[Short text fragments from websites]
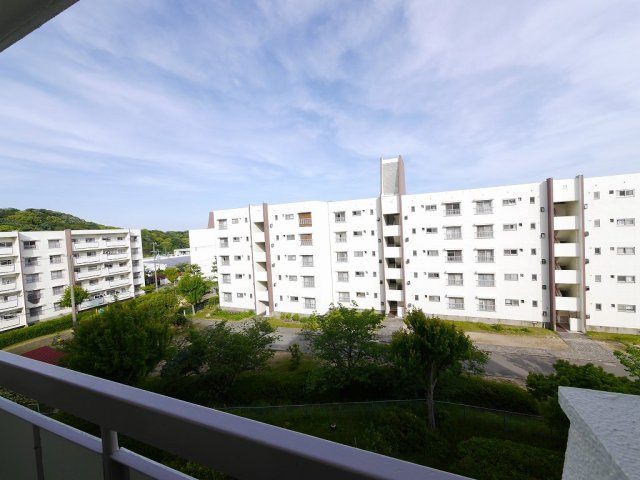 高倉台1団地3号棟の展望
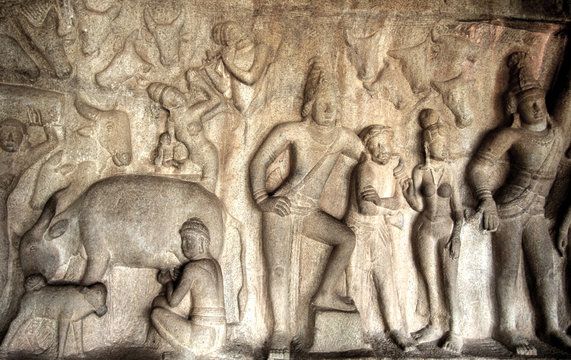 India, Mahabalipuram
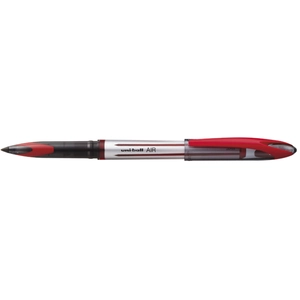 Uni-ball UBA-188-L - Rode Air Rollerbalpen   0.7 mm pas cher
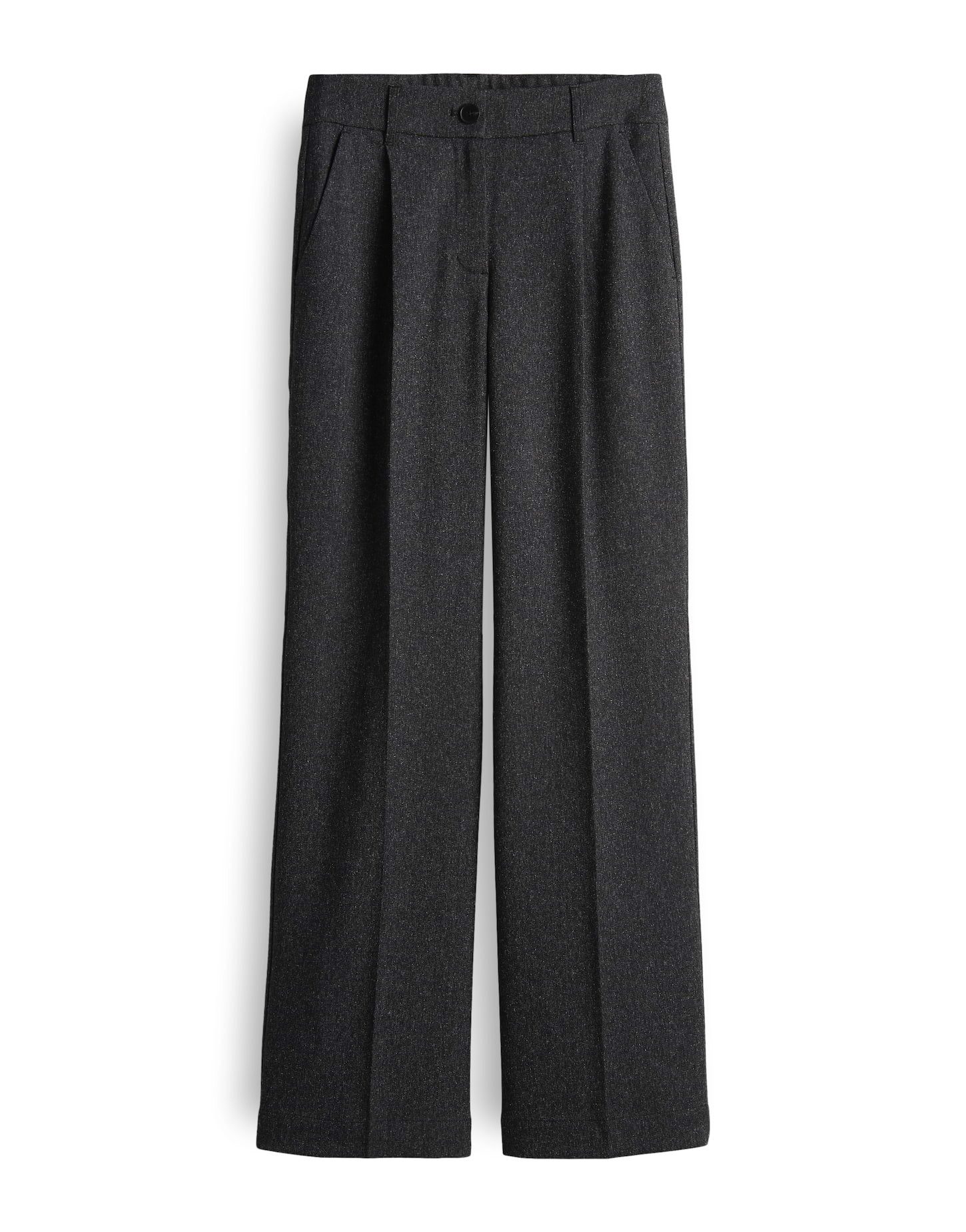 OPUS Bundfaltenhose MAIGA PEPPER in Mélangeoptik günstig online kaufen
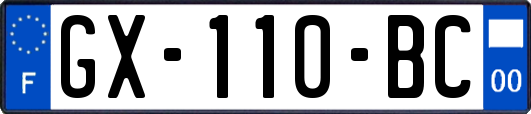 GX-110-BC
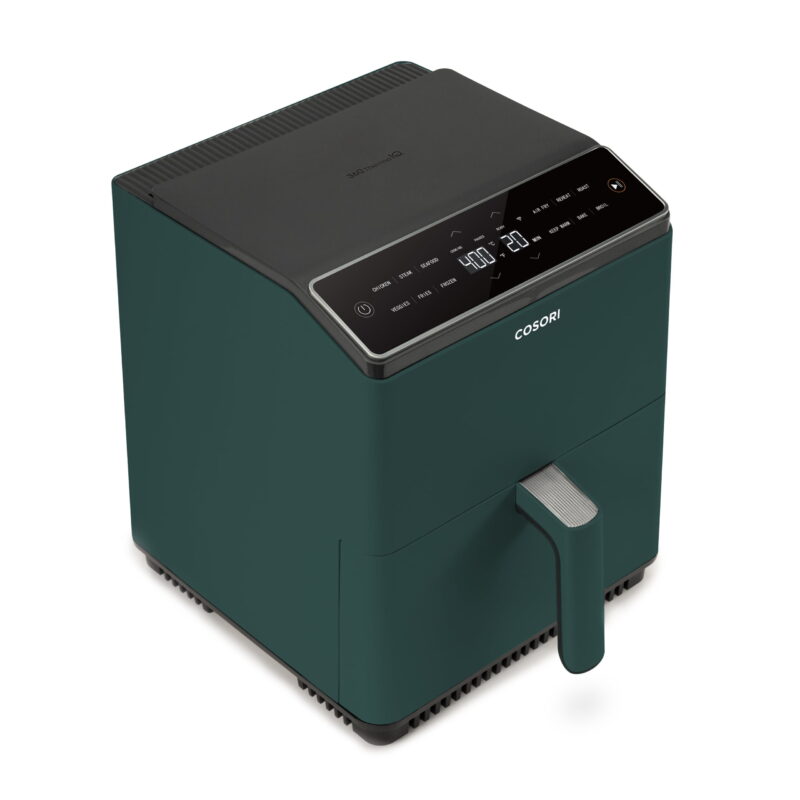 COSORI Dual Blaze 6.8qt Ceramic Coating Smart Air Fryer - Green - Image 4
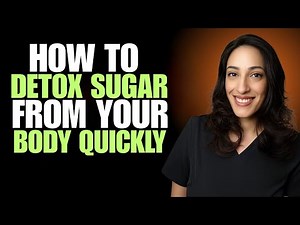 How To Detox Sugar From Your Body FAST! | Reset Cravings, Boost Energy & Cleanse Naturally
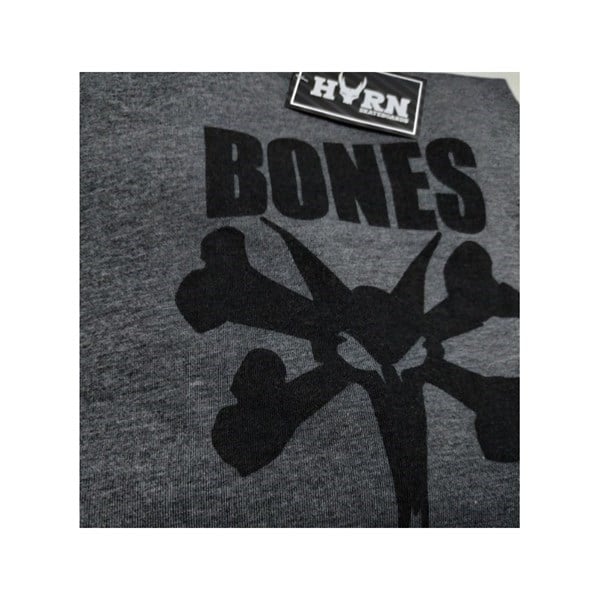 HORN SKATEBOARDS BONES SWEATSHİRT ANTHRACİTE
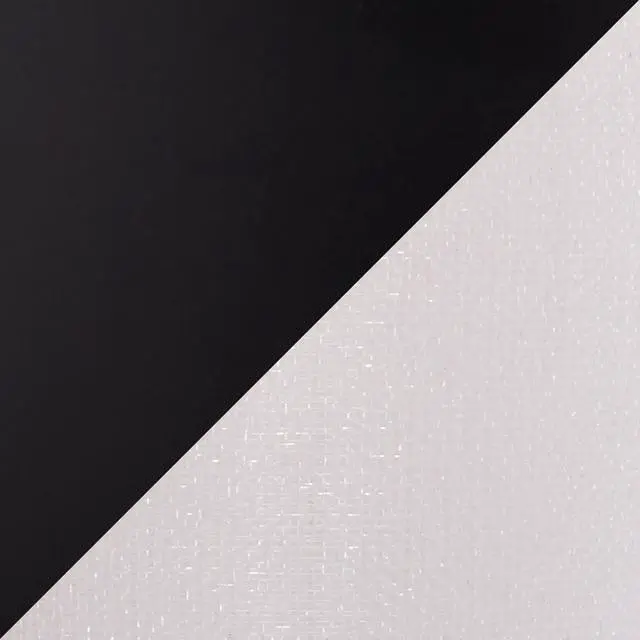 Alt view image 7 of 7 - Cannes Contemporary Table Lamp in Black Metal with White Shades
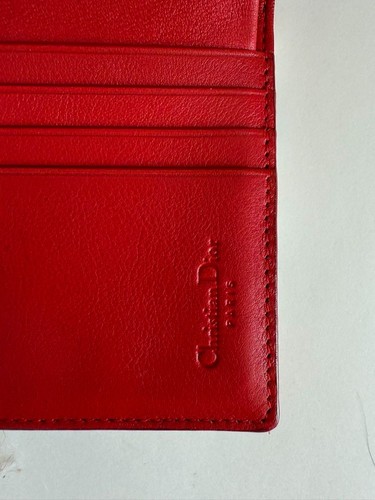 Dior John Galliano Clutch Bag Bifold Wallet Record Hardcore Designer - Picture 5 of 12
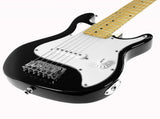 Karrera Electric Childrens Guitar Kids - Black ECP-3W-BK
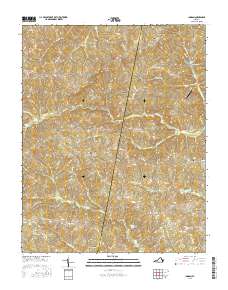 Ingram 2016 topographic map thumbnail
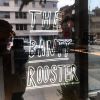 Exterior signage and gold leaf | Signage by Very Fine Signs | The Banty Rooster in New York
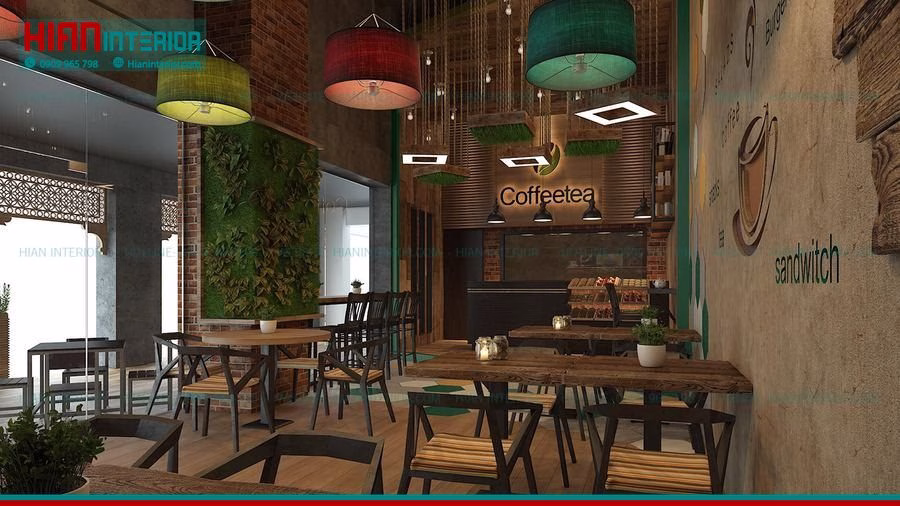 Quán Cafe Vintage Sang Trọng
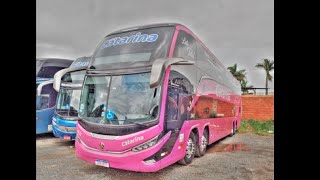 MARCOPOLO PARADISO G818000 DD VOLVO B510R VIAÇÃO CATARINA 2431 [upl. by Oliana]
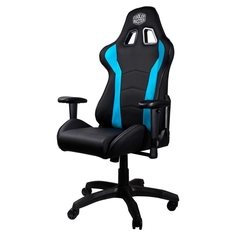 Кресло компьютерное игровое Cooler Master Caliber R1 Black/Blue (CMI-GCR1-2019B) Caliber R1 Black/Blue (CMI-GCR1-2019B)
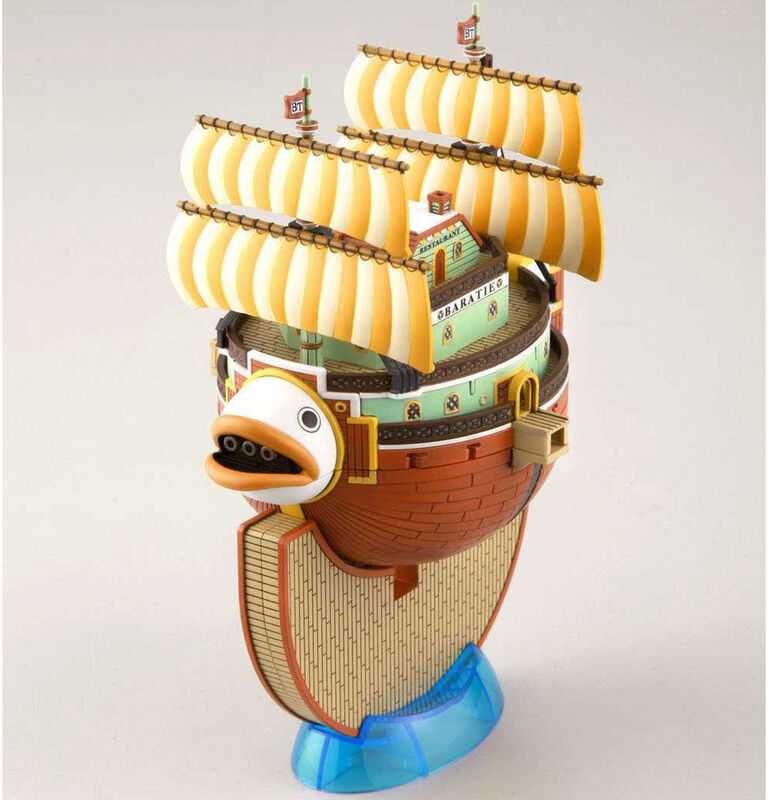 Bandai ONE PIECE GRAND SHIP COLLECTION BARATIE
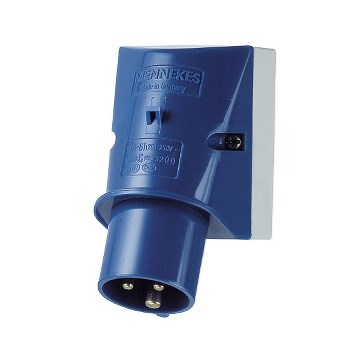 Mennekes Appinntak 16A 2+J 230V IP44
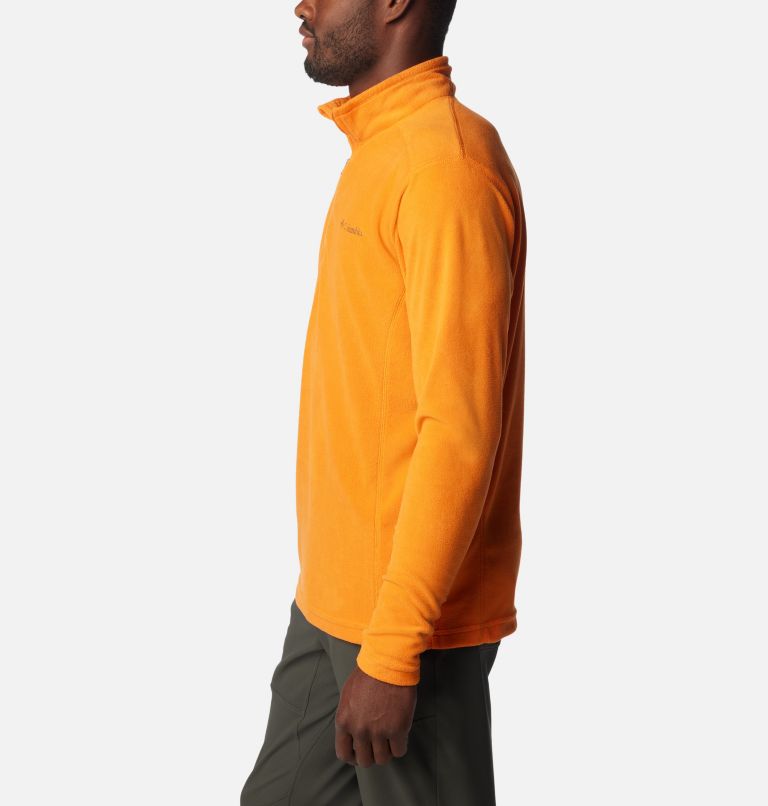 Men's Klamath Range II Half Zip, Color: Bright Orange, image 3
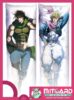 JOJO’S BIZARRE ADVENTURE | BATTLE TENDENCY Joseph & Caesar Body pillow case dakimakura - 50cmx150cm / Velvet / 2 Sides Printed - 1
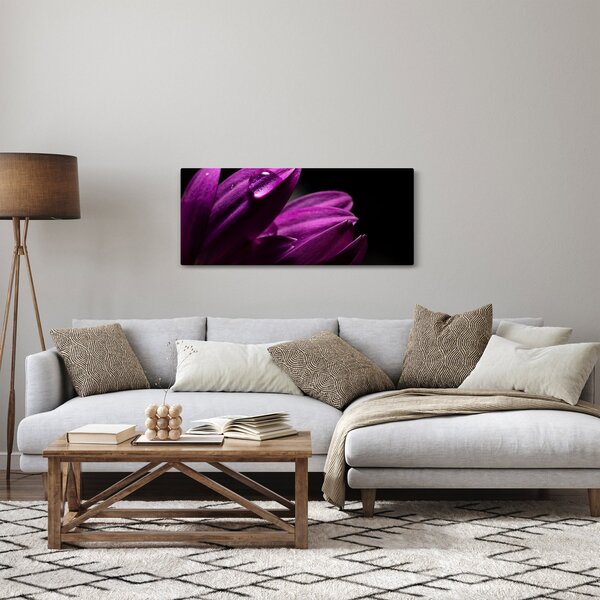 Slika - Kapljica vode (120x50 cm)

EXERCISE AIM:
Give an exact copy of the line containing "Bandai ONE PIECE" and every line after it through the end of the entries. Pictures are to be dropped.

FINAL ANSWER:
 Bandai ONE PIECE GRAND SHIP COLLECTION BARATIE
 Mennekes Appinntak 16A 2+J 230V IP44
 Men's Klamath Range II Half Zip, Color: Bright Orange, image 3
 JOJO’S BIZARRE ADVENTURE | BATTLE TENDENCY Joseph & Caesar Body pillow case dakimakura - 50cmx150cm / Velvet / 2 Sides Printed - 1
 Slika - Kapljica vode (120x50 cm)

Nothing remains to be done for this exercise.